Варвара заговорила с Тавровым. Он слушал, прекратив писать, явно не согласный с нею, насупившийся, но вдруг покраснел и лицом и шеей и быстро обернулся к Ольге.
— Здравствуйте! — сказала она, подходя ближе. — Сколько мы переволновались из-за вас! Как же вы потерялись тогда?
— Пошел и потерялся, — ответил он смущенно, но тоже радостно глядя на нее. — Мне раньше казалось, что в горах заблудиться невозможно, а это так легко. В туман особенно.
Варвара еще стояла возле, посматривала доброжелательно на Таврова и Ольгу.
— Знаете, какой он больной? — сказала она Ольге. — Такой, которого следует привязывать к кровати. Немножко лучше стало, и ему сразу надо работать, вызывать своих людей, устраивать здесь заседания. Он не считается с тем, что это вредно отразится на его здоровье.
— Очень считаюсь, Варенька! Я же берегусь. Вот завладел коляской, езжу, будто в машине...

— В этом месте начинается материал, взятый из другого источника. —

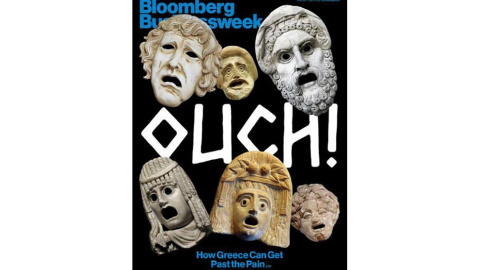 Por fin una portada que habla de Grecia sin estatuas ni templos clásicos. La revista británica Bloomberg hacía un juego de imágenes con las máscaras teatrales que se usaban en escenas dramáticas para ilustrar la "tragedia" griega.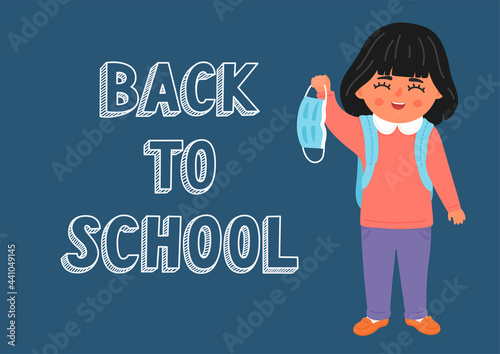 Back to School after the end of COVID-19 virus pandemic. Child removes medical mask with hand lettering. Ending pandemic quarantine in education.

— Все равно нельзя. Вы нарушаете предписания врачей. Я доложу Ивану Ивановичу... Возможно, он разрешит вам принимать ваших работников в палате.
Варвара умолкла и заторопилась уходить, видимо вспомнив о других делах, порученных ей. Поднялся и рабочий; осторожно тронув Ольгу за локоть, показал на стул, освобожденный им, и, стараясь не топать, вышел, предварительно громко пошептавшись с Тавровым. Угроза Варвары явно подействовала.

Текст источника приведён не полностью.